1.はじめに基板21上にエミッタティップに給電するためのエミッタ電極形成用の金属膜を基板上に形成する。
2.金属膜をパターニングすることでストライプ状のエミッタ電極22を形成する(図3(a)参照)。
3.全面に絶縁膜23をプラズマCVD法等により形成する。
【0006】
4.絶縁膜23上にゲート電極形成用の金属膜24aを蒸着する(図3(b)参照)。この金属膜24a上にレジスト層を塗布により形成し、ストライプ状のゲート電極を形成するための領域を覆い、エミッタティップの形成を所望する部位に開口部を有するレジストマスクを形成するために、レジスト層を露光・現像する。このレジストマスクを用いて、開口部のゲート電極形成用の金属膜24a及び絶縁膜23を、RIE法や、フッ酸によるエッチング法等の方法により除去して、エミッタ電極22を露出させる。この結果、エミッタティップ形成用の開口部とゲート電極24が形成される(図3(c)参照)。この後、レジストマスクを除去する。この方法により形成される開口部は、約1μmの直径を有している。
【0007】
5.ゲート電極24上に犠性層25を斜め蒸着法により形成する(図3(d)参照)。
6.エミッタティップ26をエミッタ電極22上に蒸着法により形成する。この時、蒸着が進むにつれて、エミッタティップ形成用の金属膜26aの開口部の径が徐々に小さくなり、塞がった時点で最終的にエミッタ電極22上にエミッタティップ26が形成される(図3(e)参照)。
7.犠牲層25をエッチングにより除去することで、ゲート電極24上に堆積したエミッタティップ形成用の金属膜26aをリフトオフにより除去する(図3(f)参照)。

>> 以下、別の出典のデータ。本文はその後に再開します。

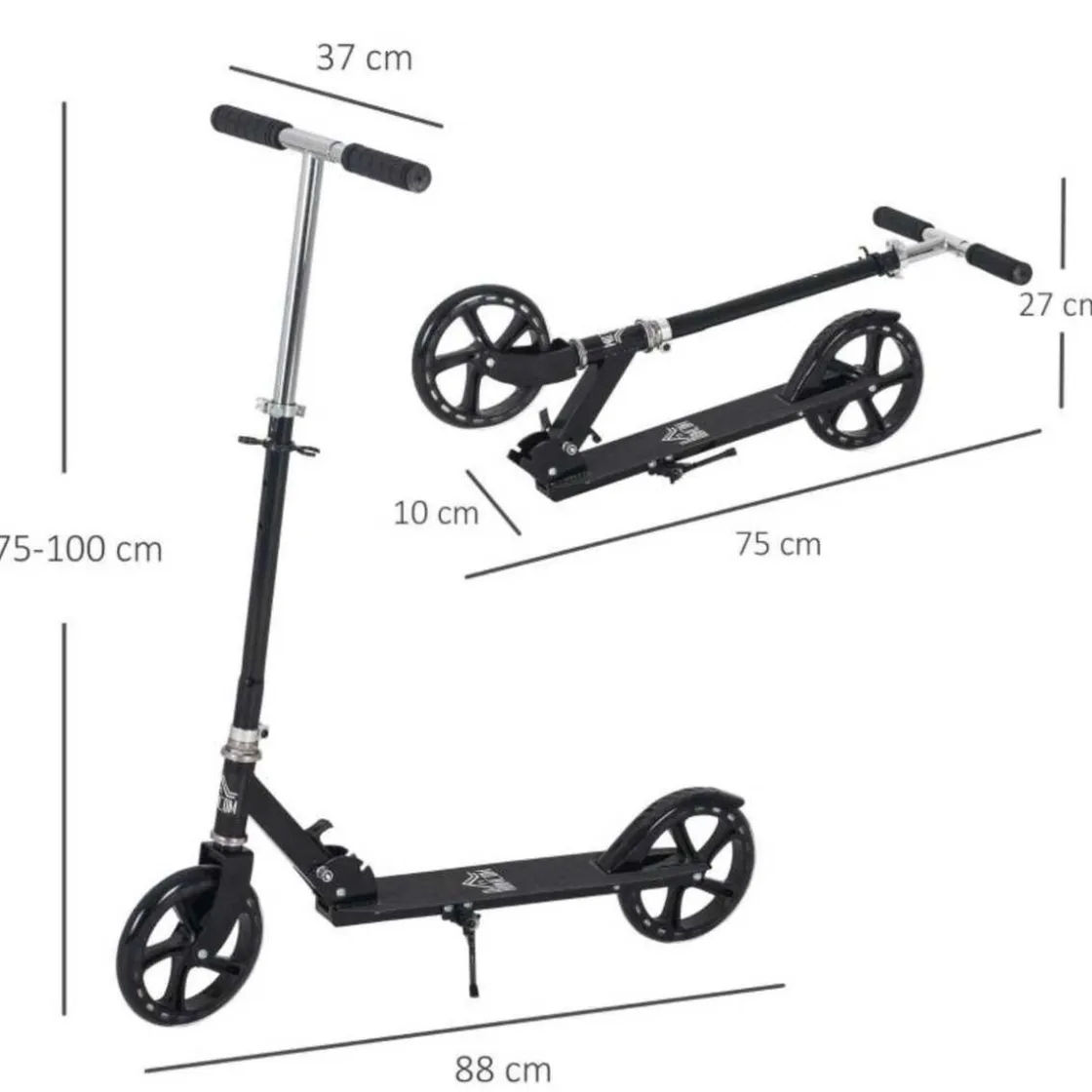 Homcom - Patinete Infantil Plegable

以上の工程により電界放出陰極を製造することができる。
【0008】
【発明が解決しようとする課題】
上記のようにゲート電極及びエミッタ電極は、スパッタ蒸着法や真空加熱蒸着法等の真空法により形成され、絶縁膜は、CVD法等により形成されている。これら方法は、いずれも真空環境を必要とするため、低コスト化が困難であるという問題があった。
【0009】
【課題を解決するための手段】
かくして本発明によれば、基板上に、絶縁膜又は導電膜を少なくとも備えた電界放出陰極の製造方法であって、絶縁膜又は導電膜が金属酸化物膜からなり、金属酸化物膜が、それを構成する金属の脂肪族酸塩を含む塗布組成物を所望の部位に塗布して一次膜を形成し、一次膜を熱分解することにより形成されることを特徴とする電界放出陰極の製造方法が提供される。
【0010】
【発明の実施の形態】
まず、本発明の電界放出陰極の製造方法によれば、金属酸化物膜からなり、電界放出陰極を構成する絶縁膜又は導電膜を、金属酸化物膜を構成する金属の脂肪族酸塩又はアルコキシドを含む塗布組成物を基板の所望の部位に塗布して一次膜を形成し、一次膜を熱分解することにより形成するので、真空環境を必要とする蒸着法のような真空法より、製造コストを低く押さえることができる。以下では、本発明の形成方法を、塗布熱分解法と称する。
【0011】
また、上記塗布熱分解法で形成した絶縁膜の断面構造は、真空法により形成された膜の構造と異なっている。即ち、真空法では柱状の構造の膜が形成されるが、本発明では粒子の集合体であり、粒子の界面には多数の空隙が存在する。そのため、従来と本発明の膜を同じ厚さで比べた場合、本発明の膜の密度は、従来の膜の80±5%となる。この結果は材料に依存しないことを発明者等は確認している。
【0012】
ここで、空隙には膜の形成時の雰囲気ガスが封入されているが、この雰囲気ガスを空気であると仮定した場合、従来と同じ種類で同じ厚さの絶縁膜と比較すると、本発明の絶縁膜は、20/(13+3ε)〜4/(3+ε)倍の比誘電率を有することとなる(ε:従来の真空法で形成された膜の比誘電率、空気の比誘電率:1)。例えば、従来の真空法でSiO2膜を形成すると比誘電率が4となるが、本発明の方法ではその0.57〜0.69倍(比誘電率約2.28〜2.76)にすることができる。
【0013】
電界放出陰極は、通常エミッタ電極とゲート電極が絶縁膜を介して対向するように配置されることから、電極間の容量は絶縁膜の誘電率に比例して小さくなる。このため、本発明の方法により絶縁膜を形成すれば、電界放出陰極を平面状に多数並べて表示装置を形成し、それを駆動させた場合、表示装置のもつ時定数は、誘電率が小さくなるに伴って小さくなる。その結果、応答速度を速くすることが可能となる。また、絶縁膜により無効電力となる電力も小さくすることができる。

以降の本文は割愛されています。